Vesna Maric was born in Mostar in 1976. When she was sixteen she left Bosnia-Herzegovina and travelled to the UK, an experience she tells in her best-selling novel ‘Bluebird: A Memoir’ for which she was on the long list for an Orwell Prize for literature in 2010.
She lived in Hull and Exeter, and studied Czech literature at the School of Slavonic and East European Studies, University College London before working for the BBC World Service. She is now a travel writer and journalist who has worked for Lonely Planet, Time Out and BBC Online.
Vesna lives in London and is currently writing her first novel.
In Bluebird – a memoir, she writes:
‘The British had, understandably, expected something a little more like ‘proper’ refugees: people suffering, hardship visible on their faces, clothes torn and wrinkled, children’s eyes crusted with tears. Dragan wove through the crowd, closely inspecting everyone’s outfits by pinching a shirt, a skirt or a trouser between two fingers, rubbing it to feel its quality, a look of disgust on his face. It seemed we were well below standard. But the unspoken motto of these Bosnian mothers was: ‘If we are going to be refugees, lets not advertise our misery, let us at least look good’, and I could understand how they felt. It’s not easy suddenly becoming a refugee.’

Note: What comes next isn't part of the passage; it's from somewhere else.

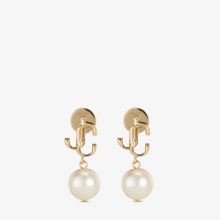 ★JIMMY CHOO★Ribbon Pearl Earrings★Gold l Buy Jimmy Choo Gold JC Ribbon Pearl Earrings in Gold-tone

‘It seemed to me that we, the victims, and they, the rescuers, would have perfectly defined roles, and I imagined us swimming together in the comforting sea of empathy. I didn’t yet understand what I came to understand later – that between a rescuer and a victim stands human nature and aside from empathy, there are self-righteousness, expectations, self-fulfilment, ad roles which at first are defined and clearly demarcated often become muddled and intertwined.’
– Excerpts from ‘Bluebird – a memoir’, 2009
Between 1991 to 2001 various conflicts were fought on the territory of former Yugoslavia. The wars accompanied the breakup of the country and are generally considered to be a series of largely separate but related military conflicts occurring in and affecting most of the former Yugoslav republics, including Croatia and the multi-ethnic Bosnia and Herzegovina.
There was a 71% increase in asylum applications from 1990 to 1991, due to an increase in applications from Zaire, Angola, Pakistan and Ghana. The pressure of these rising numbers and increased demand upon housing and welfare in areas of settlement led to the introduction of a more coordinated approach. The 1993 Asylum and Immigration Appeals Act therefore became the first piece of primary legislation in the UK to deal specifically with asylum. It was designed to increase decision making and deal with the backlog of asylum cases. It introduced finger-printing for asylum seekers, reduced rights to housing, denied entry to those who had travelled via a ‘safe third country’, and made it compulsory to apply for asylum on arrival.